The leather chair creaked as Rees slumped lower, the amber liquid in his glass glinting in the gaslight, his fourth, or was it fifth? The private corner of White’s he had claimed with Rafe and Alistair was thick with cigar smoke, obscuring the oil paintings of racehorses and past members that lined the walls. Around them, the usual evening crowd engaged in cards and conversation, but Rees heard none of it, his focus on the brandy that burned a path down his throat without quite reaching the cold knot in his chest.

“Sterling,” he muttered, then caught himself, jaw clenching. “Sterling. Of course, it is connected to Sterling.” His hand wavered as he reached for the decanter again, the crystal stopper chiming against the neck like a mocking bell.

Rafe and Alistair exchanged concerned glances. Rafe leaned forward, elbows on his knees, his voice low enough not to carry to the nearby tables. “The whole thing is the talk of every club in London. They are saying her dress was half torn off when the witnesses found them.”

“Torn?” Alistair took a thoughtful pull from his cigar. “That is an interesting detail. It suggests struggle rather than enthusiasm.”

“Or a dramatic touch for her little scene.” Rees’s words slurred at the edges, the excellent brandy finally beginning to blur the sharp edges of his humiliation. “She needed to look properly compromised, did she not? Needed those witnesses to believe she had been thoroughly debauched by the magnificent Lord Sterling.”

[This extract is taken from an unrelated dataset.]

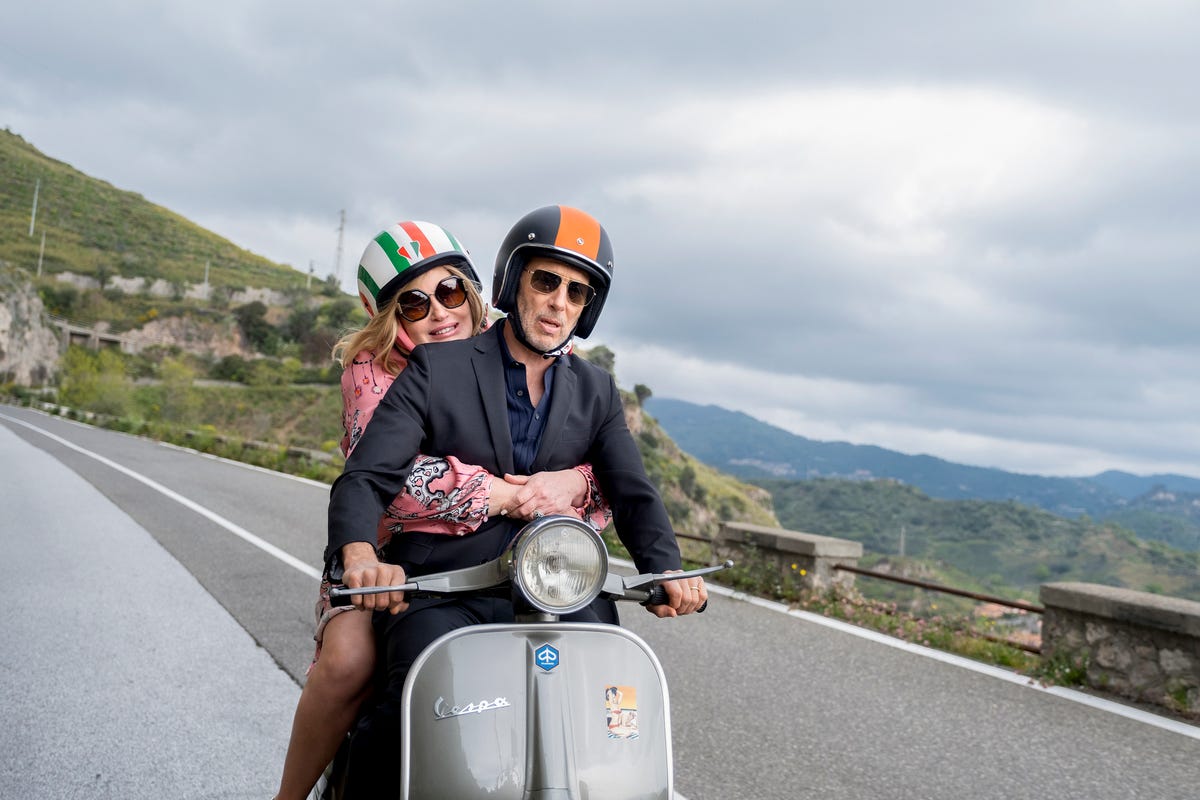 Greg drives a Vespa while Tanya holds on behind him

“Except Sterling refused to marry her.” Rafe barely contained his anger. “His father laughed in Lord Richmond’s face when he demanded satisfaction. Said his son would never stoop to marry such a desperate creature.”

The words hit Rees like ice water, clearing the alcoholic haze. He straightened slightly, fingers tightening on his glass until the cut crystal pressed painfully into his palm. “The bastard ruined her, and I am cleaning up his mess.”

There it was, spoken aloud—the truth that had been eating at him since he recognized Victoria Richmond behind that veil. Every time he looked at her, he saw Sterling’s handiwork. Every time he touched her—would he even be able to touch her?—he would wonder if she was comparing him to that smirking bastard. London society would whisper about it forever, how Rees Harcourt had been forced to marry Sterling’s leavings, how he had literally paid for another man’s pleasure.

“At least she is beautiful,” Alistair offered, then winced at the look Rees shot him. “I am just saying it could be worse. You could be shackled to someone hideous as well as ruined.”